Just ahead of his elevation to the position of CEO at BMW in 2019, then production head Oliver Zipse spoke at an event at the Mini plant in Oxford about the need for caution when it came to EVs.
“Flexibility is key,” he told journalists. “If we predict the success of [the BMW] 3 Series, we can be pretty much spot-on. To predict electromobility is much more difficult.”
Five years later, BMW is reaping the rewards of its more circumspect strategy. In July, the company actually sold more electric cars in Europe than the global EV leader Tesla, according to market research firm Jato Dynamics.
But BMW’s EVs are even today still just adapted versions of combustion-engined models, built on the same production lines.
Back in 2019, BMW stood in opposition to the Volkswagen Group, which was about to show the first model based on its EV-specific MEB platform, to be built at a plant outfitted for just that platform.
Indeed, the ousting of Zipse’s predecessor Harald Krüger was widely attributed to his failure to provide clarity on BMW’s own EV strategy after becoming a pioneer with the well-liked but costly i3.
BMW gambled on a cautious approach.
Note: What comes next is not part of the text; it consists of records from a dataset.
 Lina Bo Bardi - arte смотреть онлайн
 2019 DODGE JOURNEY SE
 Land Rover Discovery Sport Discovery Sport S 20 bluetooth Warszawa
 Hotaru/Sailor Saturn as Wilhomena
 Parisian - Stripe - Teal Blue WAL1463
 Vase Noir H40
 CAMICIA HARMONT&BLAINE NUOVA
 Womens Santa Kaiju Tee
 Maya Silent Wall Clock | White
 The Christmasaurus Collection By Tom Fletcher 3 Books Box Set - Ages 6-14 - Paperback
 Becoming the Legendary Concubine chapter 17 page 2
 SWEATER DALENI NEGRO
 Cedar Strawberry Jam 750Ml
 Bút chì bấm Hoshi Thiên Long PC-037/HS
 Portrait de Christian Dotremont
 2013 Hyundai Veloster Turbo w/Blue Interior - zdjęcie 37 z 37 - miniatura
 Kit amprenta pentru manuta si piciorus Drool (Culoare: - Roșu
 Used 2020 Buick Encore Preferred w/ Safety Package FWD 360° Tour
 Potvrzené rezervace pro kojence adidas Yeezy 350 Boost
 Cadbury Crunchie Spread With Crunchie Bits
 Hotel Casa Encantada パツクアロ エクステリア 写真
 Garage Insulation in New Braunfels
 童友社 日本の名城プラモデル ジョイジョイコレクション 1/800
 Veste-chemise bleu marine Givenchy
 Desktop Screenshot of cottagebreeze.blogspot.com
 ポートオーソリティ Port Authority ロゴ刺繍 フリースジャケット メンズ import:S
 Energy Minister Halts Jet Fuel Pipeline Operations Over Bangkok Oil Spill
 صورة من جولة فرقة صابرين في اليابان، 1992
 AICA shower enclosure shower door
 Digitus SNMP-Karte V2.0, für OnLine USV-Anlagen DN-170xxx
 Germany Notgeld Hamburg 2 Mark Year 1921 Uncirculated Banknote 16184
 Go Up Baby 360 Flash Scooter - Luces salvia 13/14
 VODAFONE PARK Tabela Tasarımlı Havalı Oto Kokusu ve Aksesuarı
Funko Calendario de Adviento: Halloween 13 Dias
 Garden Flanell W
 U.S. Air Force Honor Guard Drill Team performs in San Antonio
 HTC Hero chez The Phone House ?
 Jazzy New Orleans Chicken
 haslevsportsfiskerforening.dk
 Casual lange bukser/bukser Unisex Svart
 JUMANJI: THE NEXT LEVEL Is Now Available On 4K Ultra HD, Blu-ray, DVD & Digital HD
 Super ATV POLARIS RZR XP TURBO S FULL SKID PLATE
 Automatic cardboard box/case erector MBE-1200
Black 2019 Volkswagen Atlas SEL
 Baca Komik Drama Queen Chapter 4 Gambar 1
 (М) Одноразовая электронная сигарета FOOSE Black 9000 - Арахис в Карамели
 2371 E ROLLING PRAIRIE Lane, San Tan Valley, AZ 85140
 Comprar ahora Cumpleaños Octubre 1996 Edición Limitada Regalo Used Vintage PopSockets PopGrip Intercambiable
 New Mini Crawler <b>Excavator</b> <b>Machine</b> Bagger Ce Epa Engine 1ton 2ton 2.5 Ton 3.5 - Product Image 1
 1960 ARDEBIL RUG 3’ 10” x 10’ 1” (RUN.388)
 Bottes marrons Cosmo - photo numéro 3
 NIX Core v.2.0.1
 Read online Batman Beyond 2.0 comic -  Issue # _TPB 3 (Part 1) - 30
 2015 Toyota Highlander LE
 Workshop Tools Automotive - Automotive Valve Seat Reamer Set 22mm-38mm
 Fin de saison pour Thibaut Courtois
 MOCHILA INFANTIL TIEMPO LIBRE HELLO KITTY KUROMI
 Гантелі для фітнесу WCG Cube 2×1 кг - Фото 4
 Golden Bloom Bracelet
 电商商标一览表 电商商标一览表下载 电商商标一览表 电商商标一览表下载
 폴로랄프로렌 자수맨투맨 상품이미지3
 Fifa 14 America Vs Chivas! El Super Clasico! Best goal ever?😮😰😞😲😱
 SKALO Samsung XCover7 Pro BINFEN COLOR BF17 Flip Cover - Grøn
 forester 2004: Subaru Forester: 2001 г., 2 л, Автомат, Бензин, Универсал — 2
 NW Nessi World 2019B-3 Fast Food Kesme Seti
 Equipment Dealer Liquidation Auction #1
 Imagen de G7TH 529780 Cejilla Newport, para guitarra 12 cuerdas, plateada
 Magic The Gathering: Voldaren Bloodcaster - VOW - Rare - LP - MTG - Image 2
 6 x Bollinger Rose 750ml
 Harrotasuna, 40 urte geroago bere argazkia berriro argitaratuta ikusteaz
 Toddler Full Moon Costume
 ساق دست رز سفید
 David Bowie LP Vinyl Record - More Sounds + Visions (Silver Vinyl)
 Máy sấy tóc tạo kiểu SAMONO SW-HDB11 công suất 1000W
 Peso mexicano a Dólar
Rather than redesigning the car to unlock the potential of the electric drivetrain (for example by liberating more cabin space, as Volkswagen claimed), it offered electric as just another drivetrain choice.
“You won’t feel difference as a customer. You maybe will find 2kg here and 2kg there, but that is not relevant for a buying decision,” Zipse said back in 2019.
Fast-forward five years and not only is BMW is Europe’s number-two EV seller, but it also has buoyant profits, at €3.7 billion (£3.1bn) in the second quarter to the end of June, translating into a margin of 10.5%.
“Many years ago, we bet on the right strategy to be as flexible as possible,” Zipse said on the company’s second-quarter earnings call. “You're better prepared if you have ultimate flexible portfolio and an ultimate process competence to react to these things.”
This much cheaper strategy is now seen as the gold standard for companies as they recalibrate for a lumpier demand for EVs than expected.
“Car companies at the moment are forced to work with two three drivetrains: BEV, hybrid or ICE. What we see is that flexibility is very valuable,” said Ingo Stein, head of automotive at consultancy Bain & Company. “You can balance the demand shift much easier than a company that produces different cars with different drivetrains.”
In Europe and particularly the US, companies are shifting more of their production to hybrids after the expected EV boom hasn’t materialised at the speed first envisaged after Tesla’s original spectacular stock rise.